══ RECORD EXCERPTS ══
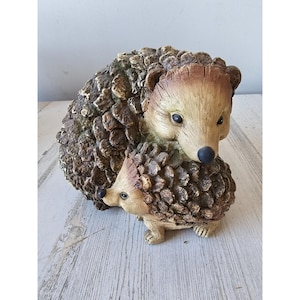 Realistic hedgehog lawn decor statue life-size lifelike unique family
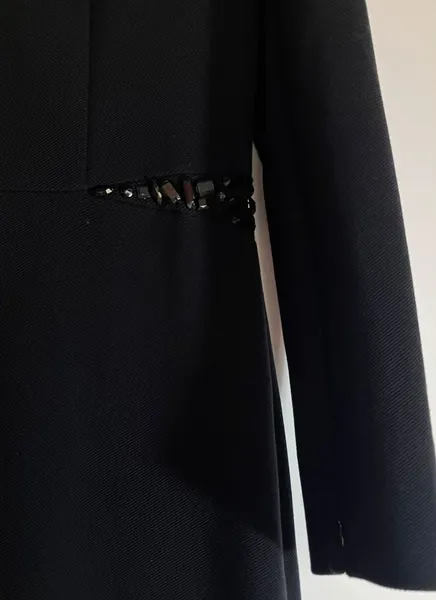 Vestido Spezzato Preto Curto com Mangas - P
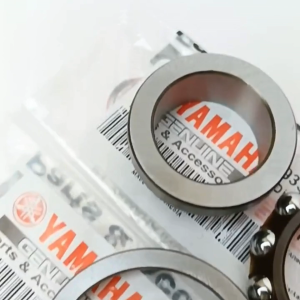 COMSTIR YAMAHA 5BP SCORPIO P (2002-2004) SCORPIO Z ( 2005- 2010 ) SCORPIO NEW (2010- 2014 ) Kualitas original Presisi tidak bengkok dan awet anti karat ori asli YGP cakram disk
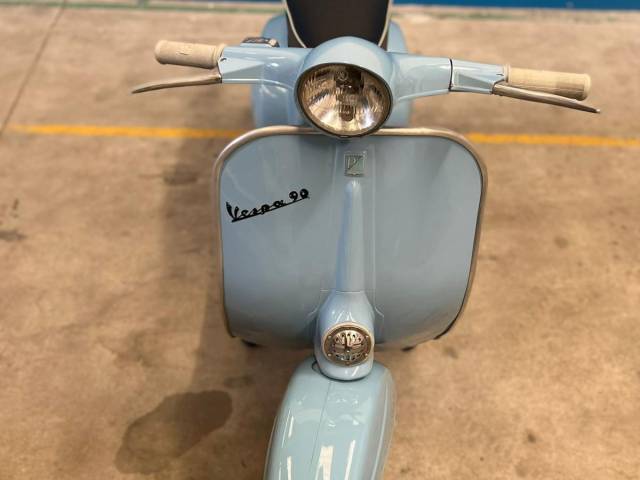 Piaggio Vespa 90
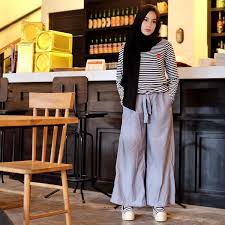 Untuk terlihat lebih trendy pastinya kamu butuh beberapa stel pakaian yang pastinya kekinian banget. Mau Dapat Inspirasi Penampilan Elegan 12 Selebgram Ini Yang Wajib Kamu Follow Dan Kepoin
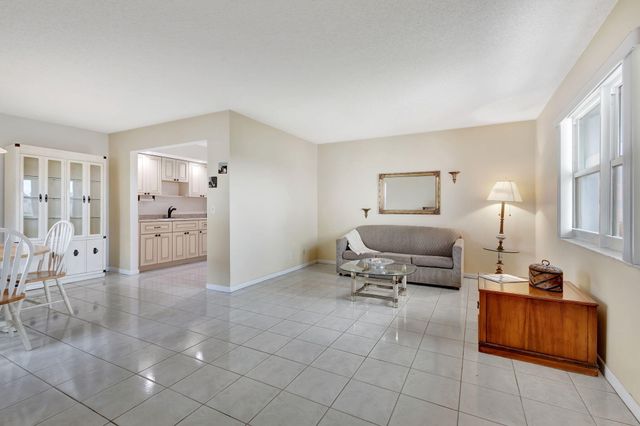 161 Normandy Lane, Delray Beach, FL 33484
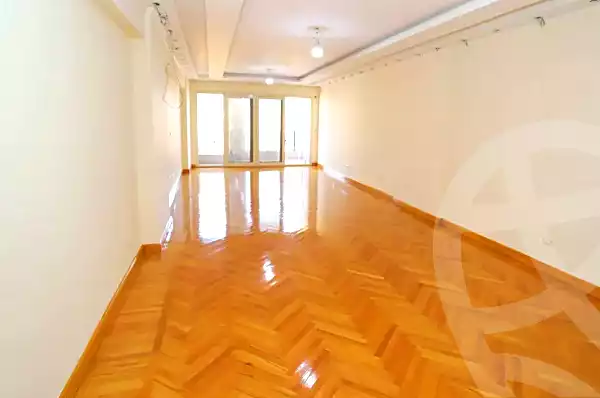 https://aqarmap.com.eg/ar/listing/7232632-for-sale-alexandria-l-zryt-champollion-st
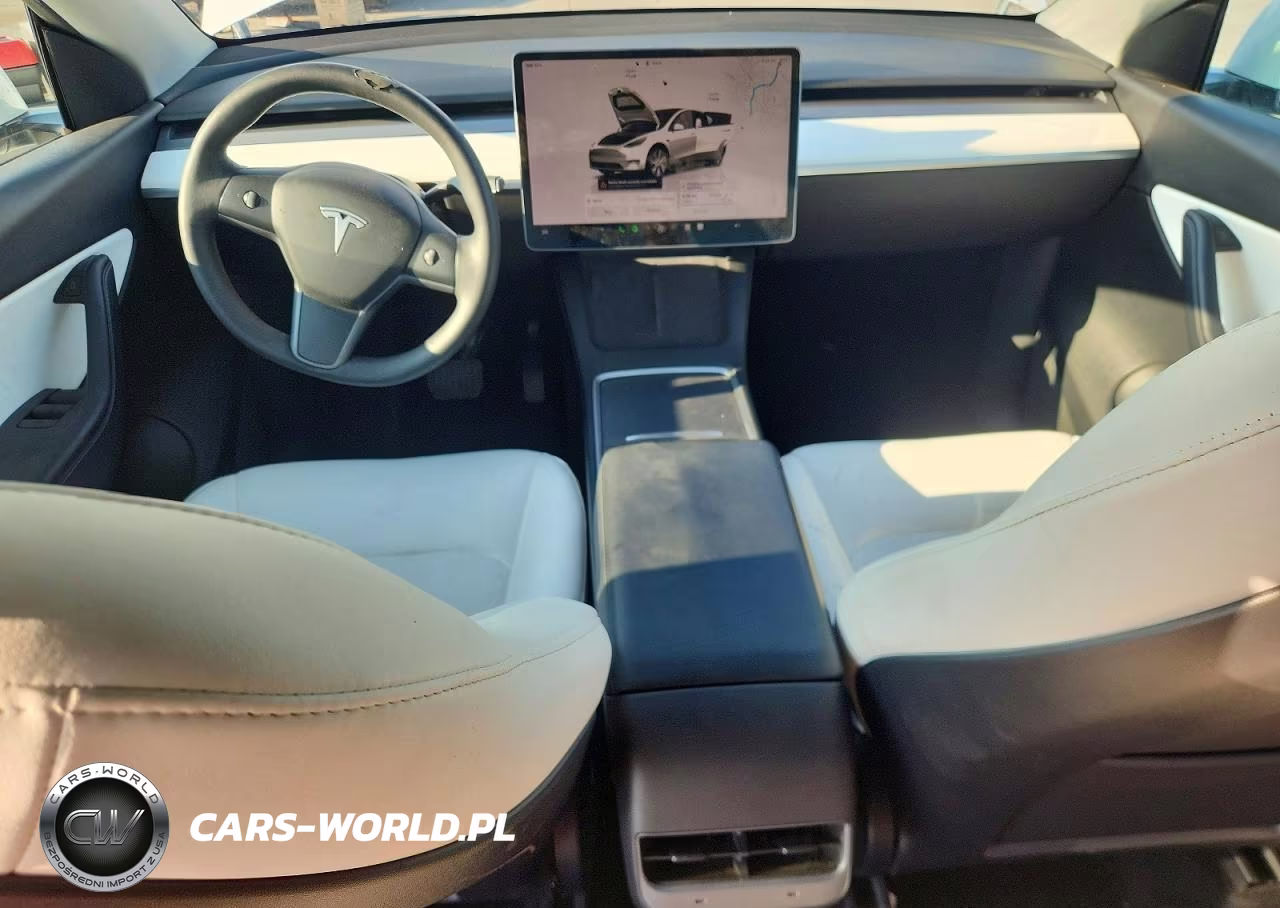 2022 Tesla Model Y VIN:7SAYGDEE2NF419618 - 8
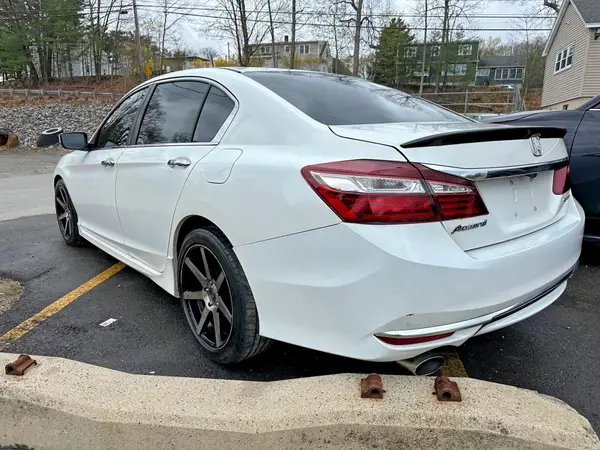 1HGCR2F56HA029432 2017 HONDA ACCORD - Image 2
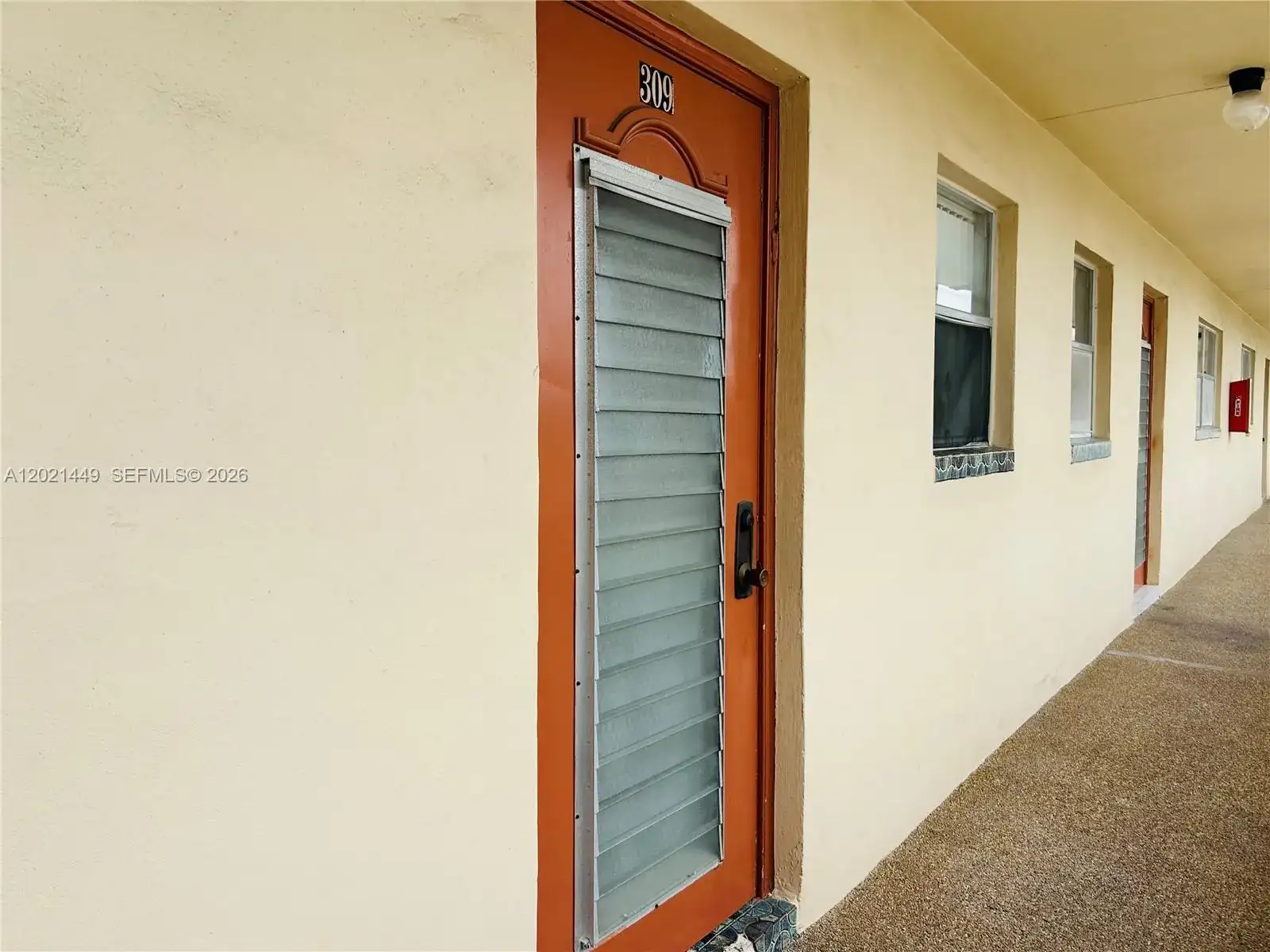 2831 E Sunrise Lakes Dr # 309, Sunrise FL 33322 photo 2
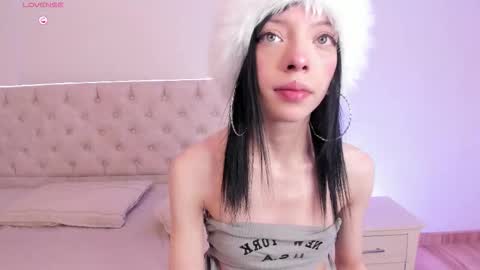 Snapshot of diamond__cherry chatting on February 2026 01:56:02 PM Diamond online show from February 2026 01:56:02 PM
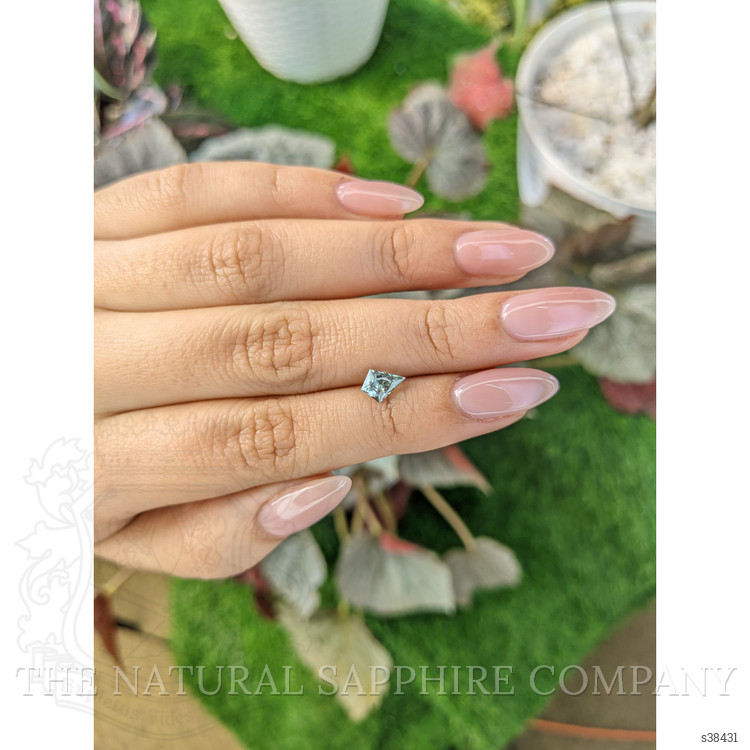 0.96 Ct. Bluish Green Sapphire from Montana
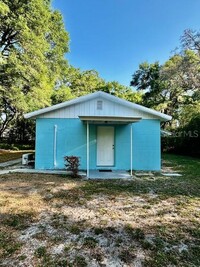 Building Photo - 1121 E Hubbard Ave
═══
**WHAT YOU ARE ASKED TO DO:** Transcribe all of the data above verbatim but omit every picture.

**WRITTEN SOLUTION:**
 Realistic hedgehog lawn decor statue life-size lifelike unique family
 Vestido Spezzato Preto Curto com Mangas - P
 COMSTIR YAMAHA 5BP SCORPIO P (2002-2004) SCORPIO Z ( 2005- 2010 ) SCORPIO NEW (2010- 2014 ) Kualitas original Presisi tidak bengkok dan awet anti karat ori asli YGP cakram disk
 Piaggio Vespa 90
 Untuk terlihat lebih trendy pastinya kamu butuh beberapa stel pakaian yang pastinya kekinian banget. Mau Dapat Inspirasi Penampilan Elegan 12 Selebgram Ini Yang Wajib Kamu Follow Dan Kepoin
 161 Normandy Lane, Delray Beach, FL 33484
 https://aqarmap.com.eg/ar/listing/7232632-for-sale-alexandria-l-zryt-champollion-st
 2022 Tesla Model Y VIN:7SAYGDEE2NF419618 - 8
 1HGCR2F56HA029432 2017 HONDA ACCORD - Image 2
 2831 E Sunrise Lakes Dr # 309, Sunrise FL 33322 photo 2
 Snapshot of diamond__cherry chatting on February 2026 01:56:02 PM Diamond online show from February 2026 01:56:02 PM
 0.96 Ct. Bluish Green Sapphire from Montana
 Building Photo - 1121 E Hubbard Ave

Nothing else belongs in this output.